Tony Blair was accused of ‘mind-boggling arrogance’ last night after claiming mass immigration made no difference to the job prospects of unemployed Britons.

The former prime minister launched a scathing attack on Nigel Farage and Ukip, saying politicians hostile to immigration were guilty of pandering to unpleasant prejudice.

They were also guilty of deceiving the public by giving the impression that the arrival of migrants from Poland and other countries harmed their job prospects.

The truth, he said, was that the ‘white, working-class, unemployed youth in alienated communities in Britain’ were held back by their own lack of education and skills.

In what many critics see as further proof that Mr Blair is positioning himself for a bid to become president of the European Council, he told an audience of business chiefs in London that it was ‘dangerous and wrong’ to blame immigrants for unemployment among British workers.

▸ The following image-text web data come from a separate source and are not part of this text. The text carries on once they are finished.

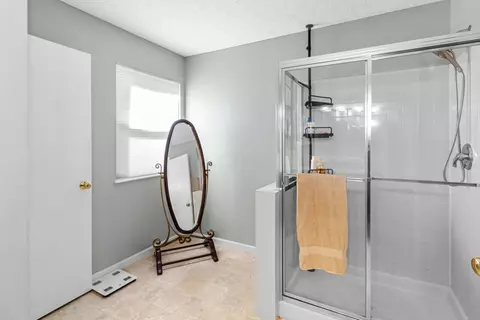 Bath - 100 Millcroft Pl, Delaware, OH 43015 photo 2 of 3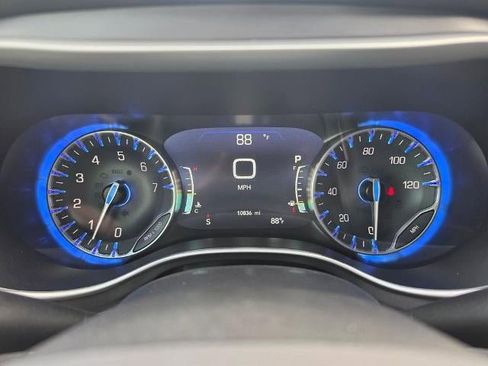 Used 2026 Chrysler Pacifica Select FWD image 15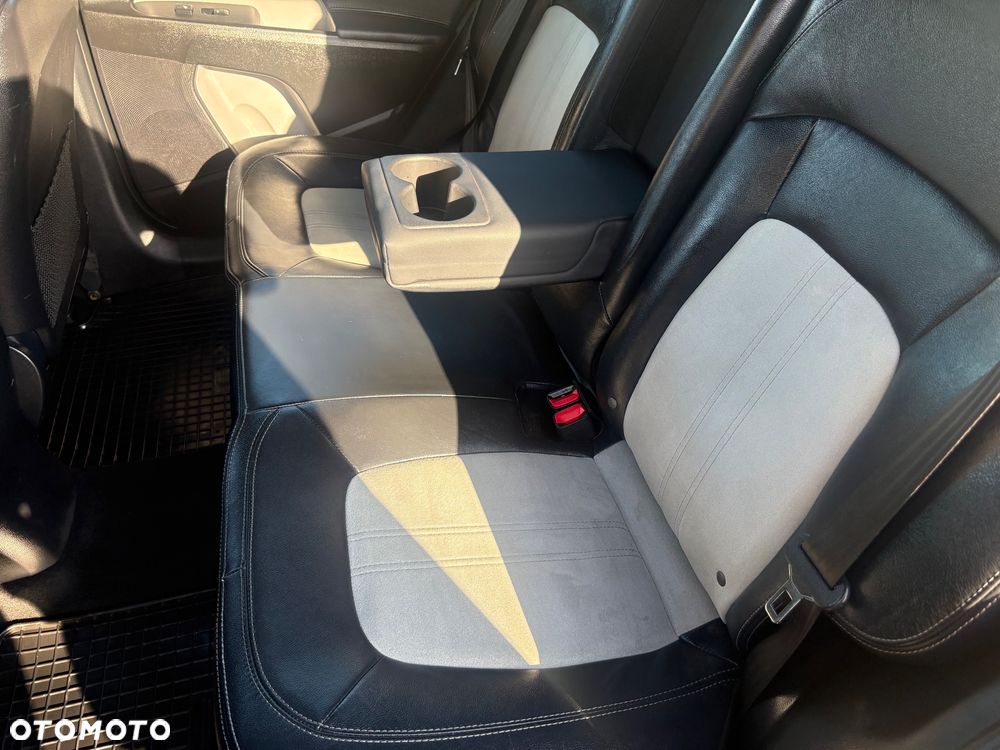 Kia Sportage 2.0 CRDI 4WD Fifa World Cup Edition - 24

He said it was ‘a deception to tell  people they’re better off shutting down in the face of [global change] or stigmatising those different in race, colour, religion or faith’.

‘The answer to the white, working-class, unemployed youth in alienated communities in Britain is not to tell them their problems would be solved if there were fewer Polish people working in the UK. It is to provide them with the education and the skills and the  connectivity that gives them the ability to face the world’s challenges and overcome them.

‘Anything else is worse than a delusion – it actually holds them back by giving them a grievance rather than a chance. It is dangerous and wrong for leaders in British politics to think you are going to address the concerns of people worried about jobs, their future, how they get some hope and opportunity – to play into an idea that what’s holding them back is someone else coming in and taking their opportunity from them, because it isn’t true and it’s not helpful.’

He added: ‘If you look at what’s going to make this country great in the future it is to use the  connections that Britain has – its language, its position in the world, its history. If we do that, we’re going to be highly successful as a country. We’re never going to do it by an attitude that says we don’t like foreigners.

‘You have got to distinguish between the justifiable concerns and the desire for order and what is, in the end, a prejudice that is neither very pleasant nor very fruitful.’ Mr Blair is widely seen as having thrown open the gates to mass immigration as prime minister. In the mid-1990s, net migration was consistently around 50,000 a year. But during the 2000s it regularly topped 200,000.